Health

Patients are undergoing HYPNOSIS instead of anesthesia for minor surgery


Doctors are using hypnosis instead of anesthesia to keep patients calm during some surgeries in an effort to reduce  the use of addictive and dangerous drugs. 

A team of cross-disciplinary doctors at MD Anderson Cancer Center in Texas are teaching some patients to imagine themselves in calm environments while surgeons make incisions and perform operations. 

Anesthesia has been linked to a number of worrisome side effects, such as memory loss and immune system suppression in the aftermath – sometimes for many months – of surgery. 

Like recent efforts to phase out opioid painkillers, more and more doctors and patients are looking for ways to use less of the expensive and risky sedative.  

Doctors are using a combination of local anesthesia and hypnosis to keep patients calm during surgery, instead of giving them general anesthesia that's been linked to cognitive problems and weakened immune systems (file)

Doctors are using a combination of local anesthesia and hypnosis to keep patients calm during surgery, instead of giving them general anesthesia that’s been linked to cognitive problems and weakened immune systems (file) 

Anesthesia uses a cocktail of several drugs, delivered in gas form, to knock a patient unconscious. 

Each day in the US, some 60,00 people have surgeries while under anesthesia.  

It’s generally safe, with just 1.1 people dying of causes related to anesthesia for ever one million that go under each year. 

But sleeping through surgery has varying effects – and for some they can linger.

Around 24 percent of people go through a period of delirium after waking from surgery under general anesthesia, according to a 2013 study conducted in China. 

Some 15 percent of those said their symptoms lingered for at least three months after their operations. 

And once people hit middle age, general anesthesia seems to hit the memory harder. 

In fact one Duke University study from the early 2000s found that over half of patients who underwent bypass surgery suffered memory loss in the immediate aftermath of their operations.  

They followed the patients for years afterwards, and found that 42 percent still showed cognitive declines five years after they’d been put under. 

Of course, it’s difficult to suss out exactly to what extent these effects can be blamed on anesthesia. 

But it’s enough to raise concerns for patients and doctors alike, who are increasingly trying to do more with less drugs on board. 

‘The general goal is to try to decreases pharmacological agents we know can case harm to individuals by decreasing immune responses and [having] an impact on cognitive functioning,’ Dr Lorenzo Cohen, director of integrative medicine at MD Anderson told DailyMail.com. 

‘If we can avoid giving general anesthesia, it’s better for the patients in the long-run.’ 

He and his team has been testing a particular kind of ‘procedural’ hypnosis to get help their patients dodge the dangers and hangovers of general anesthesia. 

Hypnotherapists guide the thinking of patients by helping them to focus all five senses on the idea of a different, soothing place while doctors operate. 

‘It’s similar to guided imagery, where you are encouraging individuals to create a scene with the guidance of a therapist to engage all five senses to really put yourself in a specific place,’ Dr Cohen explains. 

‘The aspect that comes from hypnosis is as sort of disassociation.’ 

A hypnotherapist uses a soothing voice to help set the scene for the patient. 

The two are supposed to have one meeting before the operation, but Dr Cohen says that quite often, scheduling issues mean that patient and hypnotherapist don’t meet until right before the surgery begins. In other words, the patients are totally untrained in this kind of intentional dissociation. 

The vast majority of their trial patients are undergoing breast lumpectomies before beginning cancer treatment. 

In addition to the hypnotherapy, Dr Cohen says a typical patient is administered a local anesthetic to numb the surgical area, and some get painkillers, too. 

The idea of the hypnotherapy is to tap into the shared responses and network of fear and anxiety, Dr Cohen says. 

Hypnotherapy, he says, has a ‘long history of being incorporated to decrease anxiety before people undergo surgery or breast biopsies.’ 

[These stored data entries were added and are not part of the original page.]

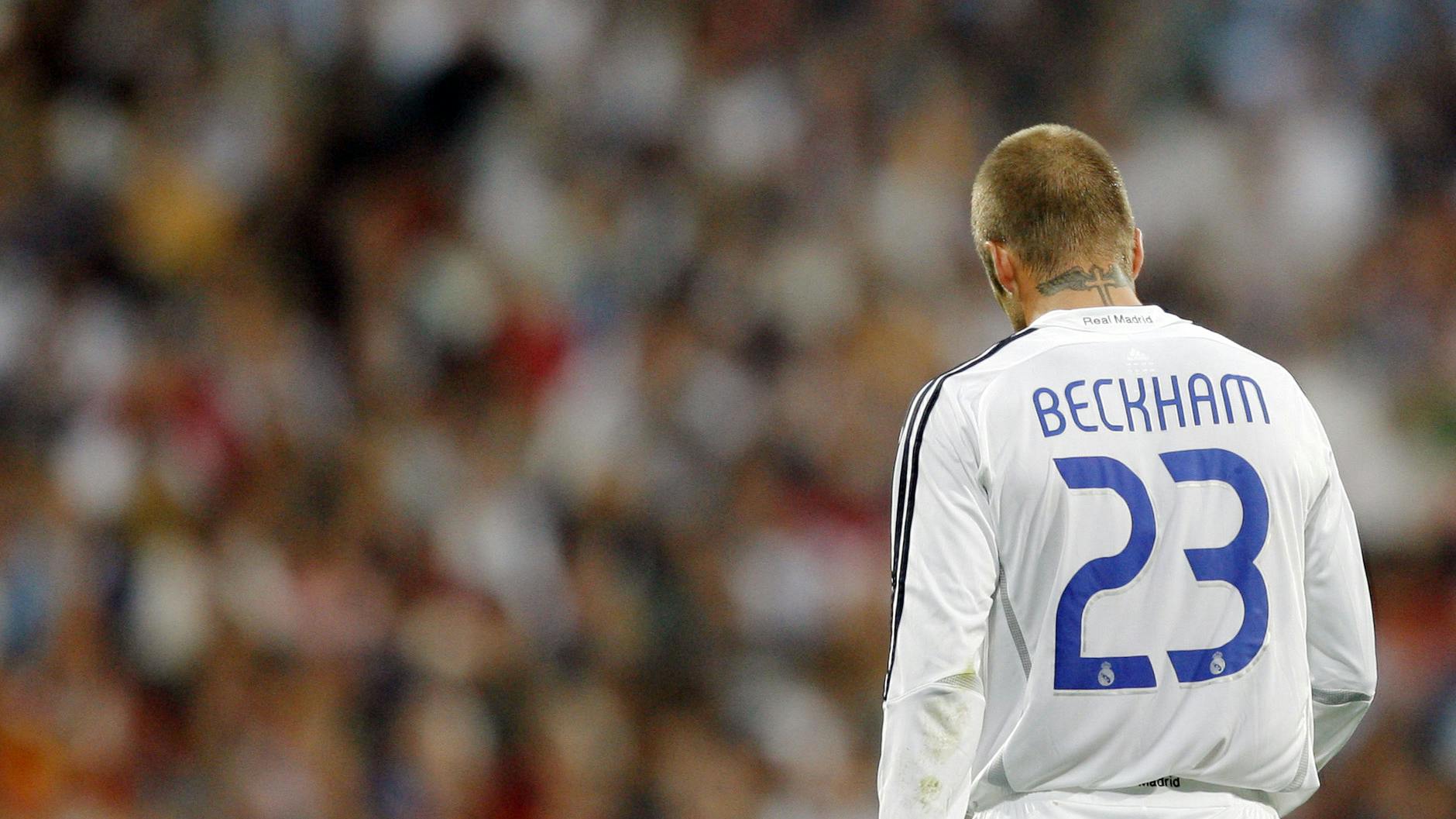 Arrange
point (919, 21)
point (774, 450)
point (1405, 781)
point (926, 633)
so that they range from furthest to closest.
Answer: point (919, 21)
point (774, 450)
point (1405, 781)
point (926, 633)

Now their trial of over 50 breast surgeries suggest it may be even more powerful. 

And patients are on board. 

‘A large percentage are open and interested in this approach to control the pain and the majority of it is through the local anesthetic, so they’re not going to experience pain, though there’s a tremendous overlap between pain and anxiety in the brain,’ Dr Cohen said. 

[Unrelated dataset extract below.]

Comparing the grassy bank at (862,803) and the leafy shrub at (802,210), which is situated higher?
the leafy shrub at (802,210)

‘By having the local on board and controlling the pain, it allows them to manage the anxiety and work through it.’ 

Though he says that certain long and extensive surgeries will likely never be candidates for hypnosedation, he and his team think the method can be employed beyond breast biopsies. 

‘Now more than ever is a time to look at trying to include non-pharmalogical approaches alongside conventional care because the evidence is pretty clear that within the medical system we often over-treat and are doing too much,’ says Dr Cohen. 

‘Anywhere we can decrease individual’s exposures to these types of drugs, the better.’